Aim of the exercise
Without the pictures, give the records again exactly as they appear.

Material supplied

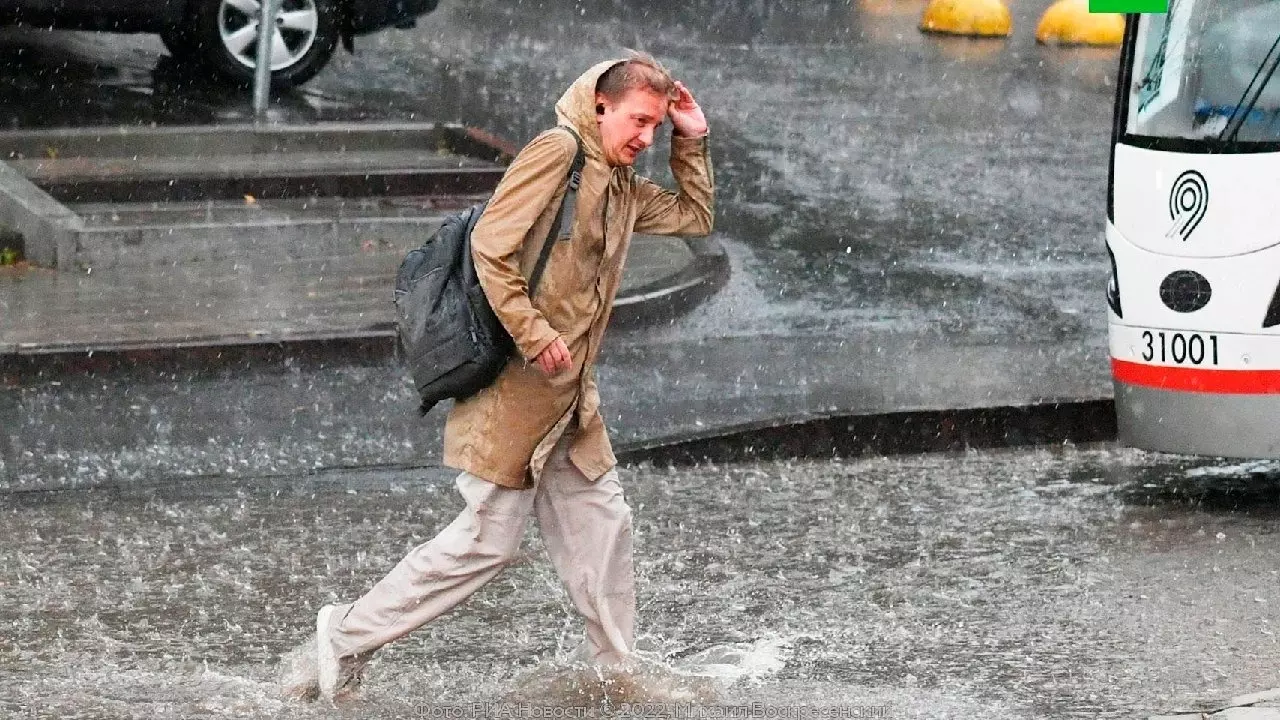В Москве ожидают ливневые дожди и грозы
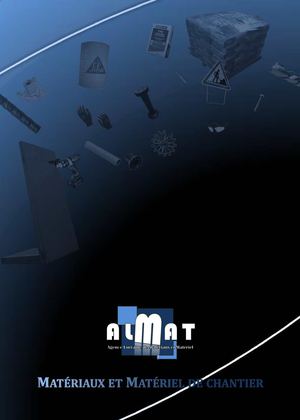 Catalogue Almat, Agence Lorraine De Matériaux Et Matériels, Présentation Génie Civil Tp Batiment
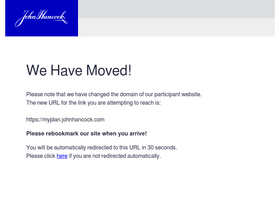 'jhancockpensions.com' screenshot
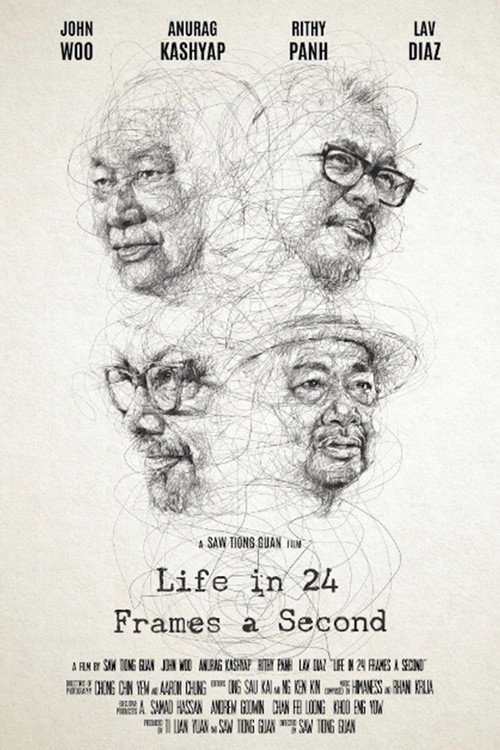 Life in 24 Frames a Second (2021) - film poster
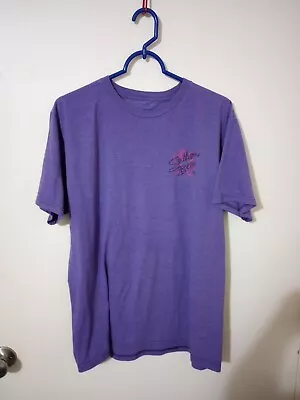 Buy Southern Belle Purple T-shirt Short Sleeve Size Large • 10.42£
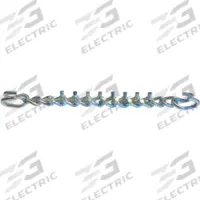 PEWAG Cross Chain Replacement: Cross Chain Repl, Buses/Heavy Duty Trucks/RVs/Trailers, Ladder (MPN USA6253 7ST). Key specifications — Compatible Vehicle Type: Heavy Duty Trucks; Material: Nickel Manganese Alloy; Product Type: Cross Chain Replacement; Brand: PEWAG.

Answer box
В Москве ожидают ливневые дожди и грозы
 Catalogue Almat, Agence Lorraine De Matériaux Et Matériels, Présentation Génie Civil Tp Batiment
 'jhancockpensions.com' screenshot
 Life in 24 Frames a Second (2021) - film poster
 Buy Southern Belle Purple T-shirt Short Sleeve Size Large • 10.42£
 PEWAG Cross Chain Replacement: Cross Chain Repl, Buses/Heavy Duty Trucks/RVs/Trailers, Ladder (MPN USA6253 7ST). Key specifications — Compatible Vehicle Type: Heavy Duty Trucks; Material: Nickel Manganese Alloy; Product Type: Cross Chain Replacement; Brand: PEWAG.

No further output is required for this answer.